Lo vivido tras el 28J deja a los venezolanos en medio de la obligación con ambas nociones, historia y memoria. Una verdad, por un lado, que “se apoya toda en lo más preciso de la huella, lo más material del vestigio, lo más concreto de la grabación, lo más visible de la imagen… la conservación integral de todo lo presente y la preservación integral de todo lo pasado”. Y está esa otra “verdad”, en tanto creencia cultivada, en tanto “fe” en los procedimientos (Sartori), que asimismo nos sume en los referentes de una nostalgia compartida: la democracia que urge recuperar; la costumbre, el ethos, un modo de ser y relacionarnos que marcó nuestro carácter como sociedad.

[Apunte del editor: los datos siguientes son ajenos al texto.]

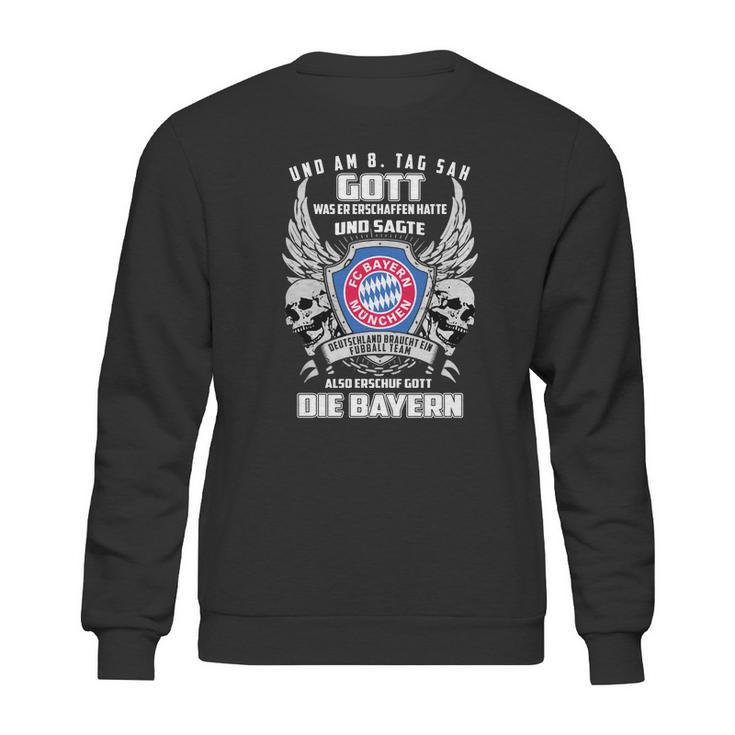 Bayern Munich Und Am 8 Tag Sah Gott Also Erschuf Gott Die Bayern Shirt Sweatshirt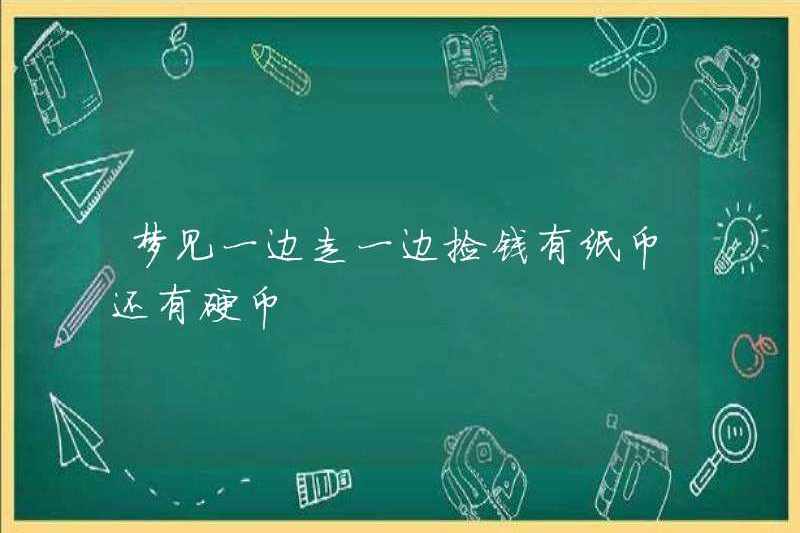 Mơ ước nhận tiền trong khi đi bộ, bao gồm cả tiền giấy và tiền xu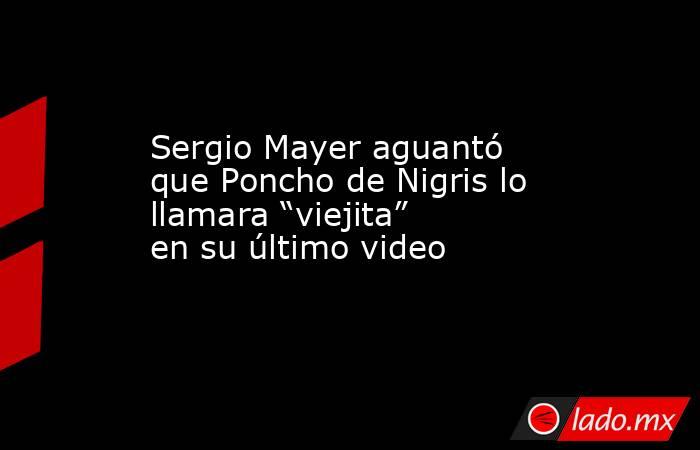 Sergio Mayer aguantó que Poncho de Nigris lo llamara “viejita” en su último video . Noticias en tiempo real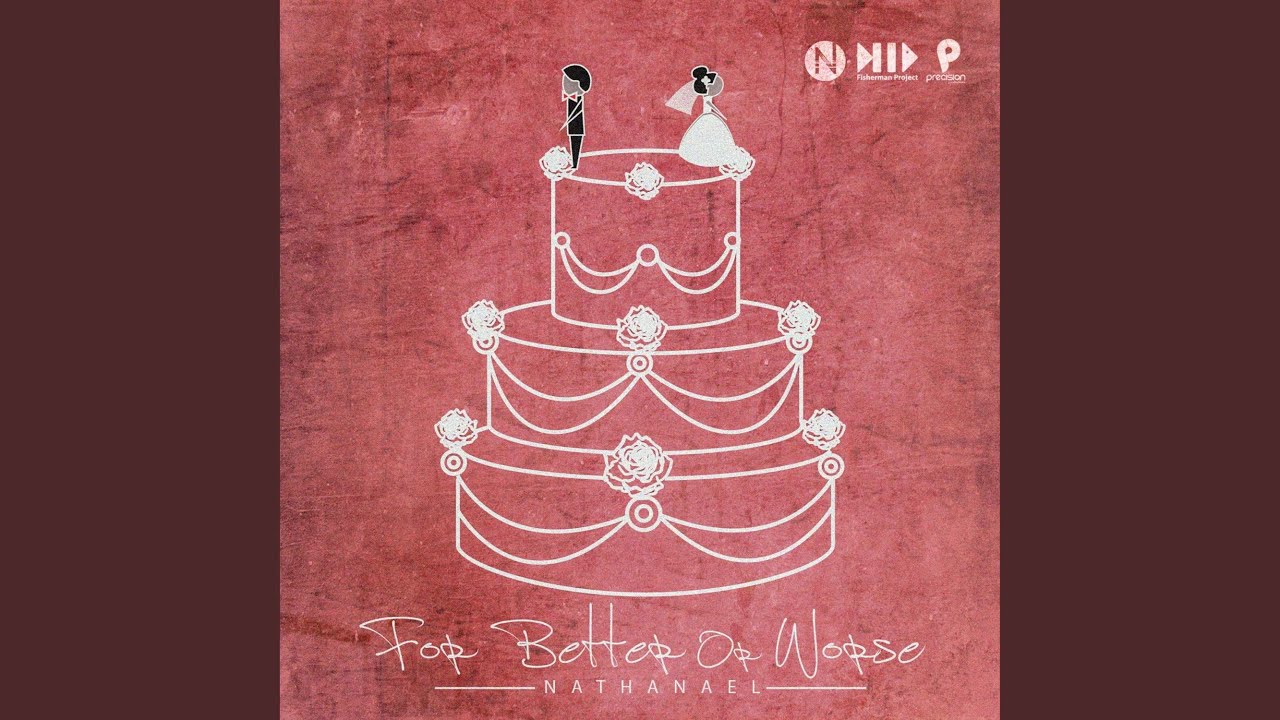 For Better or Worse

Esa tradición, la re-apropiación vehemente de valores que resistieron a la caducidad, al despojo simbólico, al accidente político, y que se archivan como legado intangible de identidad para las nuevas generaciones.
De allí la re-significación de relatos y experiencias que, desde la ventana individual e inscritos en un marco más anchuroso, se amplifican, se reconstruyen y validan como práctica social; que redefinen la práctica política y contribuyen al discernimiento. “El deber de la memoria hace de cada uno el historiador de sí mismo”, afirma Pierre Nora; la consciencia del individuo debe hacerse cargo de la tarea para entender cabalmente de dónde viene y a qué pertenece. Aunque no lo parezca, los tiempos podrían resultar proclives a esta búsqueda, imbuidos como estamos en el incesante intercambio de experiencias personalísimas en tiempo real. Plataformas de interconexión hechas para producir, sustituir compulsivamente y olvidar; pero que, paradójicamente, a su vez logran registrar de forma imperecedera el dato que en otras circunstancias pudo haber pasado desapercibido (“soy chavista, no tramposa”, declaraba una testigo electoral del PSUV, cuyo dramático testimonio para “La vida de nos” copó la atención en redes sociales). Esas existencias furtivas ya no lo serían tanto, entonces, porque pasan a convertirse en espejos que la coyuntura vuelve especialmente relevantes. Recordar, aunque perturbe, se vuelve así una obligación. En esos templos de la memoria, escudos privados contra el miedo, la negación y el fingimiento, la mentira organizada no puede penetrar tan fácilmente.
Memoria-archivo, memoria-deber: parafraseando a Pierre Nora, digamos que una voz interior también nos habla y nos marca: “debes ser venezolano… ¡es necesario ser venezolano!” Atentos a la fuerza de tal asignación, a esa noción de la responsabilidad en tiempos de vértigo, conviene no sólo poner el foco en la descripción legal, impersonal y disciplinadora de los hechos, sino en la perspectiva sensible, humanizadora de los mismos. Esa diferenciación que “constituye la levadura y el más vital alimento para la convivencia» según Sartori; esa experiencia íntima, disruptiva y múltiple como las propias personas que las refieren, quizás lleve a preservar esta suerte de red de consciencias, tan vital para combatir el vacío, la sinrazón que avanza.